Emulation dvcc

The whole ecosystem is not “open”.
Victron are quite clear about what is and isn’t.
What you are trying to do in reverse engineering control of the chargers is completely unsupported.

Fair enough.
But, it (Emulation dvcc - #15 by doro) doesn’t even work on a VenusOS

The comms is your issue from what i can see.
The CAN spec is not published. It might be available via the regional manager (not sure), but venus is only part of the whole equation.

By the way @doro

The whole thing is a “repeating” thing, with timeout.
Docs are saying that no more than 60 seconds.
Meaning you should send all at intervals smaller than 60 seconds.

But they are sending much often.
0x201C and 0x0FFF are sent at 1 second intervals - broadcast.
0x2001 and 0x200E are sent at 5 seconds intervals - broadcast.
0x2015 and 0x2017 are sent at 2 seconds intervals - P2P.

Especially 0x200E, if you want to control it remotely.

LE:
You don’t need to send 0x2002 and 0x200A, as they are battery information, not charger information.

I’ve sent you some info @doro
Also pay attention that values have a denomination - 1, 10, 100, 1000…
For example the current for 0x2015 and 0x2017 is in 0.1A increments, meaning a scale of 10.
The voltage a scale of 100 (0.01V).

Hi @doro

So, in the end it’s solved or not, because you marked it as solved…

Have a look and talk with this user, as he managed to make it work, with a similar hardware.

Please @thiemovanengelen , can you help him?
I mean, help Eduard (@doro), the OP of this topic.
Thanks in advance!

No.
I only managed to control the charging current as I described here:


Everything else doesn’t work.

Please try the following.

Assuming:

  1. your program has an address of 0x0A
  2. MPPT RS has an address of 0x40
  3. broadcast is the address of 0xFF

With a frequency of 1 second - which later you may increase it - , send:

  1. broadcast to 0x200E a values of 0x0D: 1CEFFF0A [8] 66 99 0E 20 0D 00 00 00
  2. broadcast to 0x201C a value of 0: 1CEFFF0A [8] 66 99 1C 20 00 00 00 00
  3. broadcast to 0x2001 the value of voltage: 1CEFFF0A [8] 66 99 01 20 xx xx 00 00
  4. broadcast to 0x0FFF the SOC: 1CEFFF0A [8] 66 99 FF 0F xx xx 00 00
  5. ask from MPPTRS the total input power: 1CEF400A [8] 66 99 01 00 27 20 FF FF
  6. send directly to MPPTRS the charging current: 1CEF400A [8] 66 99 15 20 xx xx 00 00
  7. send directly to MPPTRS the discharging current: 1CEF400A [8] 66 99 17 20 xx xx 00 00

You see, the Cerbo - if you have it - takes the info from one CAN network (BMS CAN) and it must send it over the other CAN network (VE.CAN).
That is done through the 0x2015 and 0x2017.
So, I’ve set the BMS control back in the 200E and for that I am also sending 2017, discharge current, even in your case is not necessary, but it simulates info from a BMS.

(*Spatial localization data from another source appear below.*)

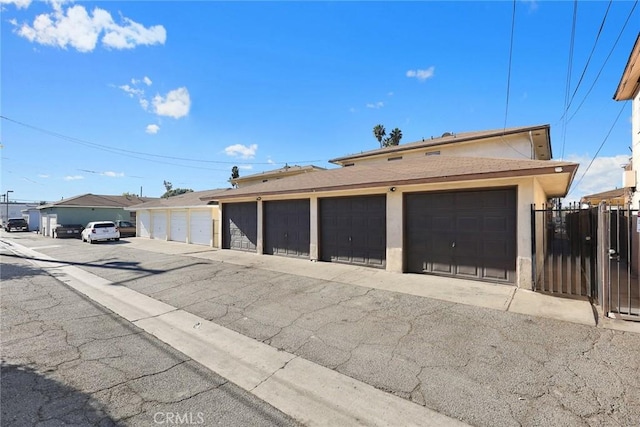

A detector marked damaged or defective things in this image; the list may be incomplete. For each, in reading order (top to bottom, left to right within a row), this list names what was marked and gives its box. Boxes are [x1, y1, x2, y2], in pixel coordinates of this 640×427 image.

cracked asphalt pavement [0, 246, 300, 426]
cracked asphalt pavement [3, 234, 640, 427]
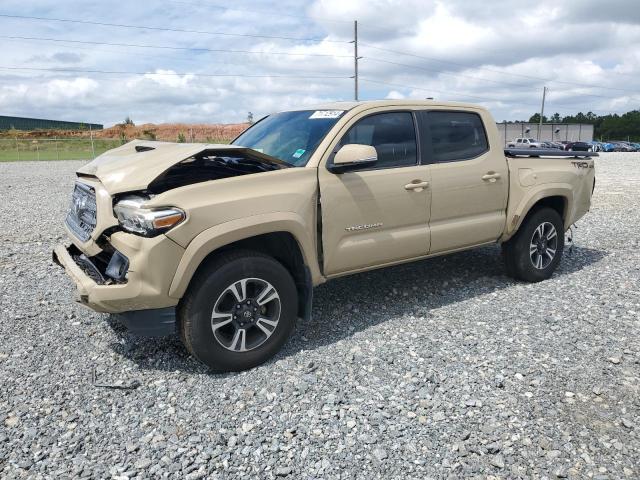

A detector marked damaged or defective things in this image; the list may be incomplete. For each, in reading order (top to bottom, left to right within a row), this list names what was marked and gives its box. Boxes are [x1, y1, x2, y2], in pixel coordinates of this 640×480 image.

crumpled hood [75, 140, 284, 194]
damaged front bumper [52, 231, 185, 336]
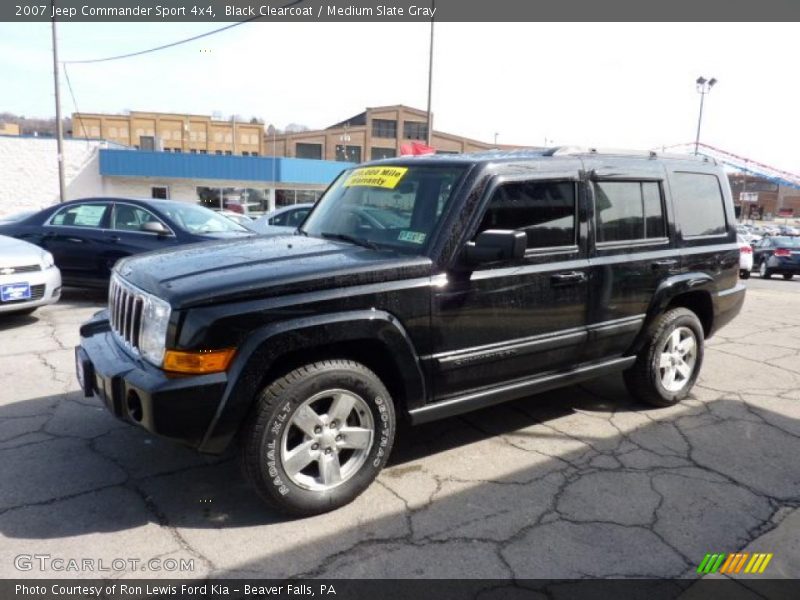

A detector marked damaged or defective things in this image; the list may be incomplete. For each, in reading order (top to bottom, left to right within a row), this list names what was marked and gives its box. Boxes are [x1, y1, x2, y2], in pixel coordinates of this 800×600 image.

cracked asphalt pavement [0, 278, 796, 580]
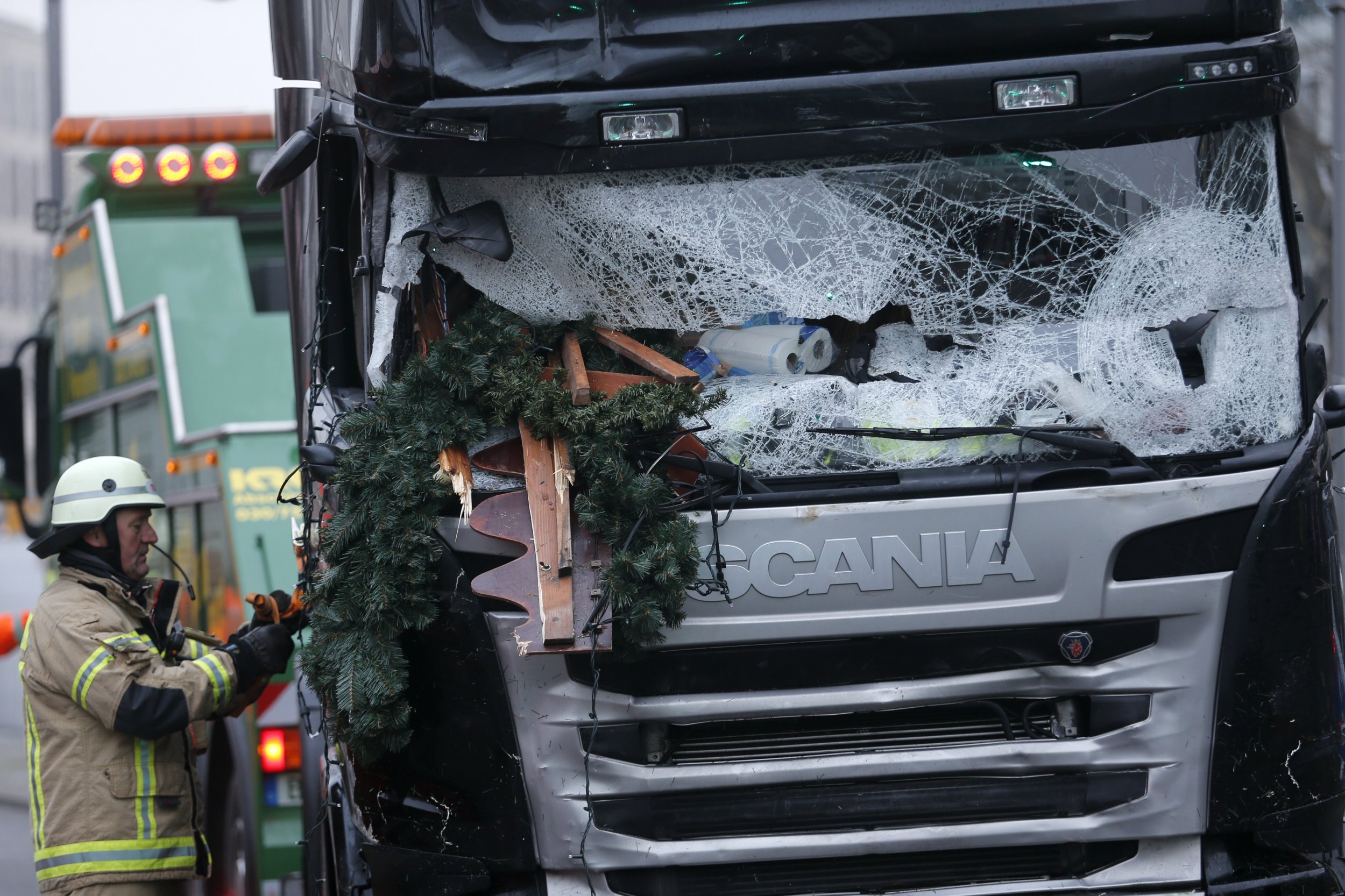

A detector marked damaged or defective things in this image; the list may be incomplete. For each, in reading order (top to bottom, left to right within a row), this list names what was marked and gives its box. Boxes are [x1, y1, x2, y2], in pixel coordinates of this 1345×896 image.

If this doesn’t work, sorry… I am out of ideas, because I don’t have a MPPT RS to be able to dig further…

Not working.

I tried to send voltage directly to the mpptrs 0x2001 instead of broadcast.
Something strange happened:
The controller started giving this voltage via
0xED8D VE_REG_DC_CHANNEL1_VOLTAGE
is that how it should be?
I think that the value 0xED8D should be the real value of the controller voltage on the battery. Now it is fictitious.

Did you measured the voltage with a multimeter at the battery terminals?
Because on my Multi RS (not MPPT RS), the 0xED8D is the real voltage on the battery terminals…
What kind of battery do you have?

LE:
My dumps in this moment…
The Cerbo is broadcasting the desired voltage (52.25) and Multi RS the voltage on its terminals (49.78).
can0 1CEFFFE2 [8] 66 99 01 20 69 14 00 00
can0 1CEFFF40 [8] 66 99 8D ED 72 13 00 00

I thought the register 0xED8D is the value of the MPPTRS sensor that measures the voltage on the battery output.
Am I wrong?
Which register then shows the voltage value that the MPPTRS measures?

That was my feeling as well…

BTW…

You said that you also have an Epever inverter in the system…
Isn’t it possible that the inverter to influence somehow the voltage on the battery terminals?
Meaning it tries to charge and/or keep the battery at a different voltage?
Or is a pure and simple inverter, not an inverter/charger?